# DATA EXTRACT:
+ + + +

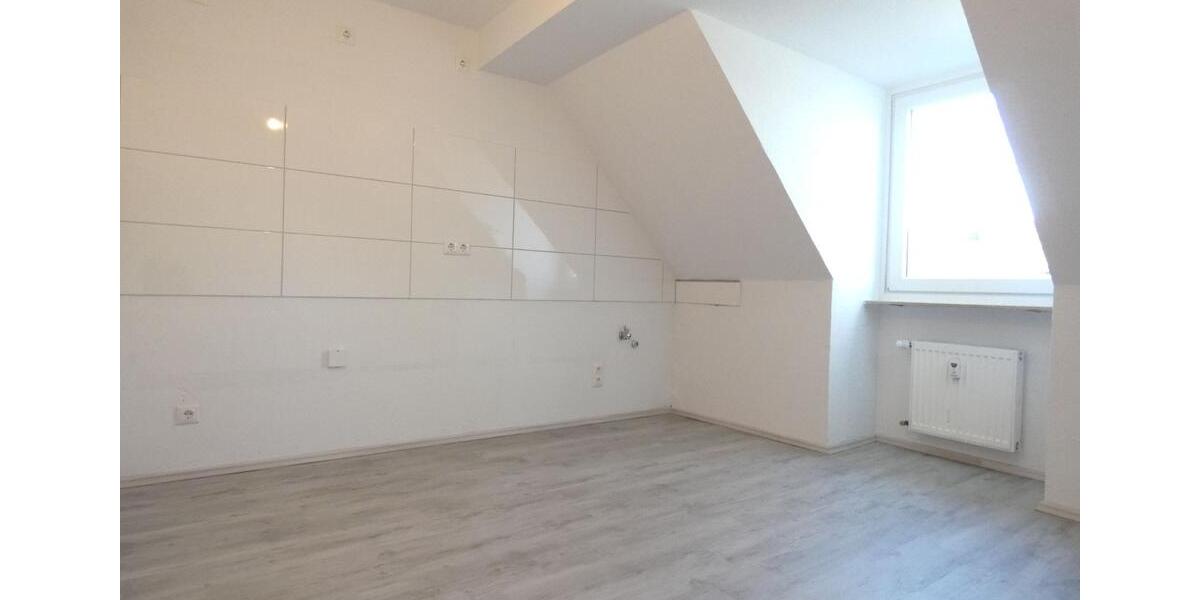 Dachgeschoßwohnung Essen Stadtbezirk III - 2 Zimmer, 40 m&sup2;, 502&euro; | Angebot:25978480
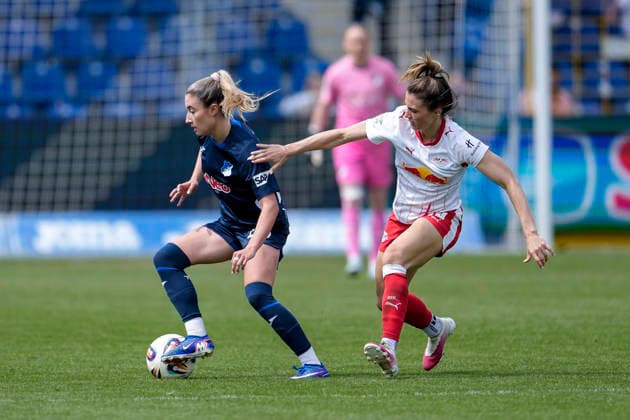 v.li.: Janna Grimm (TSG, 26), Sandra Starke (RBL, 13), Zweikampf, Spielszene, Duell, duel, tackle, tackling, Dynamik, Action, Aktion, 17.05.2026, Sinsheim (Hoffenheim) (Deutschland), Fussball, Google Pixel Frauen-Bundesliga, TSG 1899 Hoffenheim - RB Leipzig, DFB DFL REGULATIONS PROHIBIT ANY USE OF PHOTOGRAPHS AS IMAGE SEQUENCES AND OR QUASI-VIDEO.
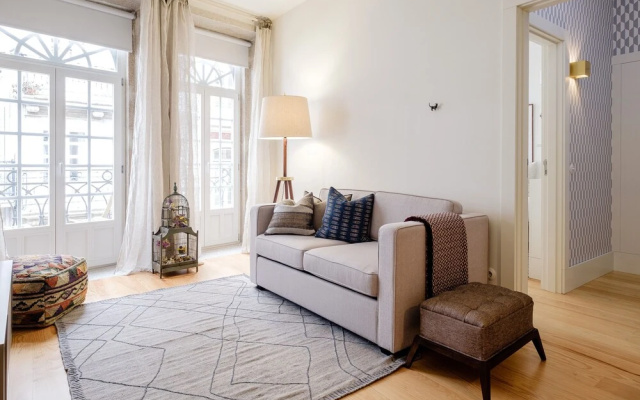 BOUTIQUE Rentals Flores Plaza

+ + + +

# EXERCISE GOAL:
The listing should be transcribed in full, exactly, and without its pictures.

# TASK OUTPUT:
 Dachgeschoßwohnung Essen Stadtbezirk III - 2 Zimmer, 40 m&sup2;, 502&euro; | Angebot:25978480
 v.li.: Janna Grimm (TSG, 26), Sandra Starke (RBL, 13), Zweikampf, Spielszene, Duell, duel, tackle, tackling, Dynamik, Action, Aktion, 17.05.2026, Sinsheim (Hoffenheim) (Deutschland), Fussball, Google Pixel Frauen-Bundesliga, TSG 1899 Hoffenheim - RB Leipzig, DFB DFL REGULATIONS PROHIBIT ANY USE OF PHOTOGRAPHS AS IMAGE SEQUENCES AND OR QUASI-VIDEO.
 BOUTIQUE Rentals Flores Plaza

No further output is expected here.